Thomas Guénolé : Non. L’électorat d’extrême droite est stable depuis bientôt vingt ans, hormis une chute en 2007. En définitive, le FN ne progresse pas par lui-même : il se renforce parce que l’abstention est forte et parce que les partis républicains sont désavoués. Bref, pour répondre à la métaphore de Marine Le Pen, plutôt que son centre de gravité, le FN est le charognard de la vie politique française.

Le Front national est-il définitivement devenu un parti comme les autres ? En quoi l'idéologie du FN en ferait-il un parti moins fréquentable que les autres ?

Non, ce n’est pas un parti comme les autres. Le FN est pour la peine de mort. Il est pour la sortie de l’euro. Il est pour l’abandon de la construction européenne. Il est contre l’avortement. Si on se décide à appeler la "préférence nationale" par son vrai nom, il préconise l’apartheid pour les immigrés, en particulier maghrébins. Et il perpétue la longue tradition de l’extrême droite en désignant à la vindicte un bouc émissaire : les Juifs et la franc-maçonnerie hier, les Arabes et les musulmans aujourd’hui.
Mais cela n’empêche pas de le fréquenter, c’est-à-dire d’accepter le débat, comme l’on accepterait un duel lorsque le gant est jeté. Par ailleurs, autant les cadres et les idéologues du FN sont des adversaires de notre identité républicaine, autant les électeurs du FN sont des citoyens à part entière : il serait donc temps de répondre concrètement à leurs préoccupations, au lieu de les traiter en parias.

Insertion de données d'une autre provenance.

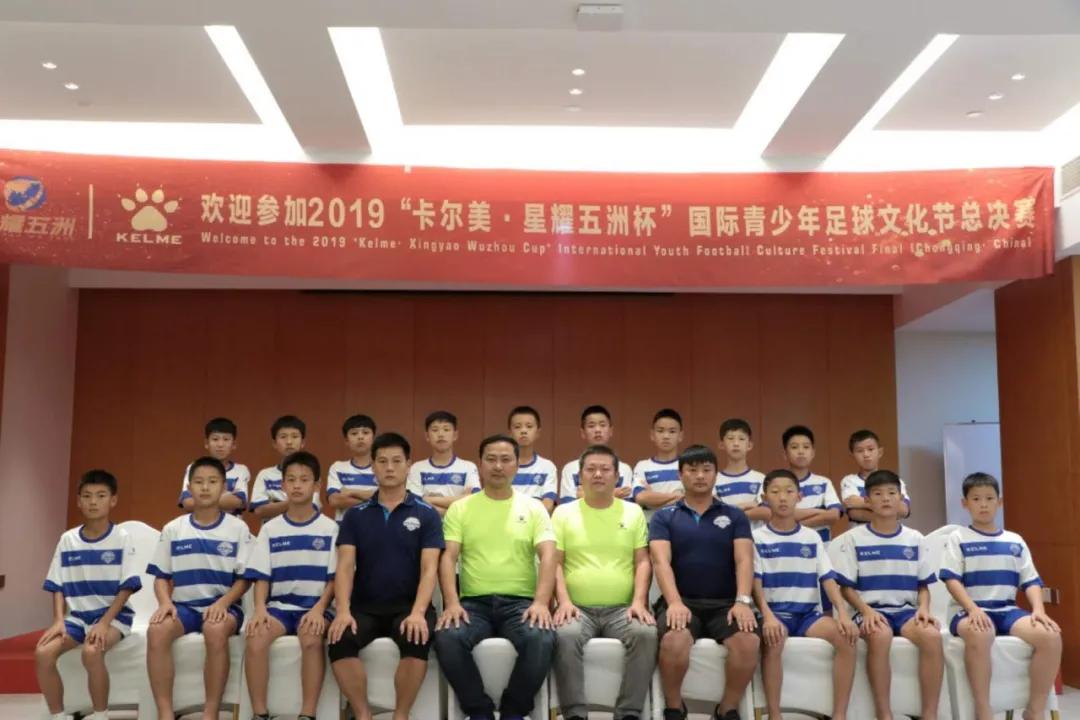 星耀五洲杯武汉站,星耀五洲杯国际足球赛武汉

Dans ce cas, quel est le meilleur moyen de s'opposer au FN ? La stratégie de diabolisation n'a-t-elle pas finalement été contre-productive ? Depuis son élection à la tête du parti, Marine Le Pen s’est lancée dans une entreprise de « normalisation » du parti : peut-on tenir exactement le même discours à l'égard du FN de Marine Le Pen qu'à l'égard du FN de Jean Marie Le Pen ?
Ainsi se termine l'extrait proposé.